* **Exercise instructions**: Copy word for word the lines of the records below, beginning at the one with "Eddie george is" and finishing at the one with "Cappello vintage Batters & Co", ends included, but none of the pictures.

* **Records shown**:

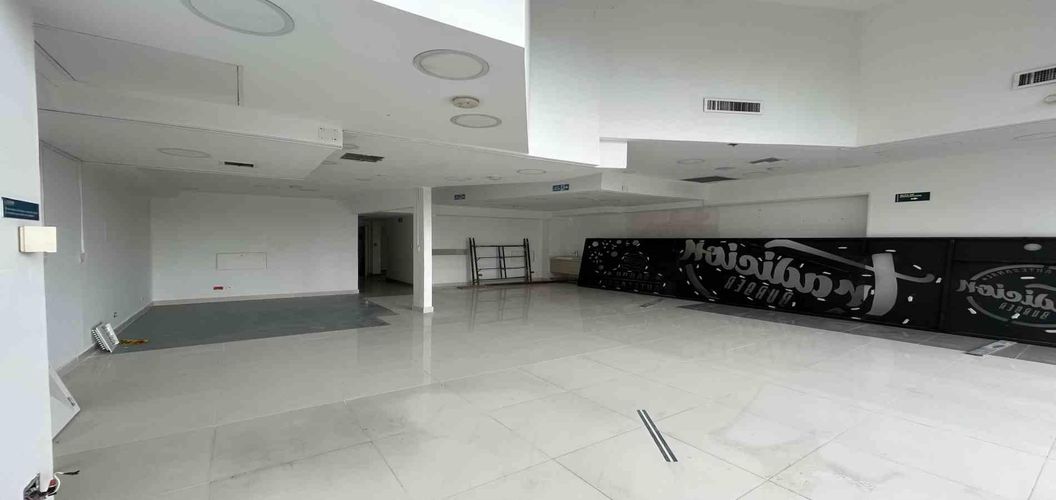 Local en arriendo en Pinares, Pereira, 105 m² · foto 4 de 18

--

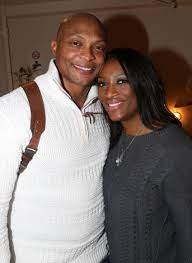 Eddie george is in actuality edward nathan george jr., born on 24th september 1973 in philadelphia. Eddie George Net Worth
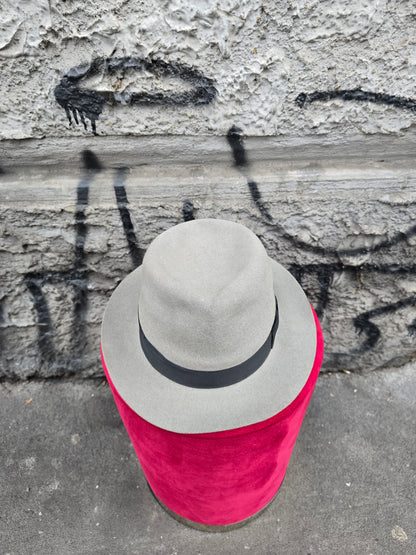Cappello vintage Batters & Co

* **Reply to the exercise**:
 Eddie george is in actuality edward nathan george jr., born on 24th september 1973 in philadelphia. Eddie George Net Worth
Cappello vintage Batters & Co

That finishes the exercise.